There is a “thickness” to the biblical text that must be appreciated by a congregation that listens to expository preaching Sunday by Sunday. From time to time, you no doubt wonder why one theme in a text is preached and another is left unremarked upon. Here, as everywhere else in the Bible, there are layers of meaning in each paragraph and, for that reason, any number of subjects could be fairly addressed from any text without imposing upon it an interpretation that did not arise naturally from the text itself. Such is certainly the case here. Most of the time it is my intention to preach what I regard to be the nub of the passage, the primary gist or burden of the text: the point the author seems intending to make in the context. But that does not mean that other important things are not said along the way, either in support of the main point or beside it. And, insofar as this is the Word of God, everything in a text is important and everything can be of great use to us.
We have here in our text this morning, for example, a magnificent illustration of the Lord’s compassion for people, his interest in their lives, his concern for their welfare. It is obvious that in this incident Jesus once again makes plain and powerful his rejection of a religious life that remains enamored of public correctness in behavior but little interested in love, either the love of God or the love of man. A correct life – as correctness may be defined in such a system – is no substitute for a heart that feels the woe of other people and that looks to God’s love and power for redress on their behalf. Jesus was offended – as he is always offended – by callousness in the religious mind and heart. The man God approves, he is as much as telling us by his own action, is the one who is less concerned about filling the box or checking the square and much more about loving others as he himself has been loved. The Lord’s anger at the Pharisees over their indifference to this man’s heartache and their attachment to their religion of rules and regulations is a powerful and beautiful demonstration of the difference between true and false faith. It is as well a striking illustration of the power of a religious ideal to blind people to the love of God even when that love is standing directly in front of them.
All that is here, no doubt, and it deserves a sermon. But Mark’s text takes its place in the Gospel narrative primarily as a demonstration of something else: namely the antipathy that so quickly developed toward Jesus on the part of the religious leadership. Misgivings had very rapidly become a settled hatred that itself now fueled – unbelievable as it may seem – a plot to murder him. It is this development that Mark sees fit to describe as he concludes this short narrative. This is the result of the miracle that Jesus performed. It is this development that will explain much of the history that follows and, at the last, the crucifixion itself. But it is not simply that Mark makes this the conclusion of the matter, the point of his narrative. That is reason enough for us to take careful notice of it. But the fact is, this is the hard truth, the unwelcome truth that, in the nature of the case, we find so easy to ignore, or, if not entirely to ignore, to slight, to leave unmentioned or unnoticed. But hard truth abounds in the Bible and the happy truth cannot really be understood or appreciated until the hard truth is faced. That fact makes it even more important to let Mark’s narrative speak for itself. It is precisely the point of this narrative that reveals the essential truth about human beings that we are all so loathe to admit.
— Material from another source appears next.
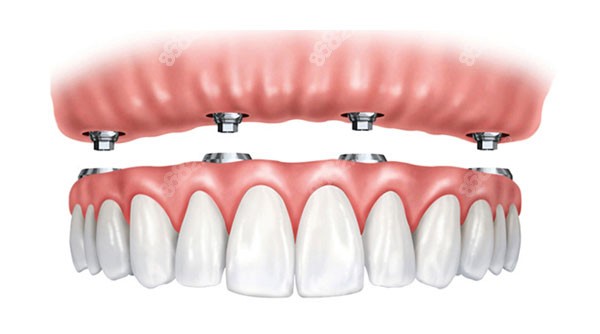 杭州做全口种植牙的价格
This section of the Gospel of Mark ought to hit anyone unfamiliar with the story a heavy blow to the solar plexus. Something astonishing, unexpected, and ugly, appears here, something most people rarely think about or will even admit. We have been introduced to Jesus of Nazareth. His teaching, with its unprecedented authority, amazed the crowds of people who gathered to hear him. His miracles of healing gave hope to hundreds and astonished all the rest. They thought that this could be nothing else but the dawning of a new and wonderful day!
But, at the same time, it has been obvious that all were not pleased. Jesus’ teaching has provoked disagreement. His views, in some important ways, contradicted the conventional wisdom. Fair enough. But that does not prepare us for the malevolence, the pure hatred of Jesus that we encounter at the beginning of chapter 3. Not only are these men now of a mind to look for reasons to condemn Jesus – you know how it is when you hate someone; nothing he does can be admirable, no opinion of his can be right – but, put in their place and humiliated once more by the healing of this man in the synagogue, they crossed the line from hatred to murder and began to look for a way to kill the Prince of Life.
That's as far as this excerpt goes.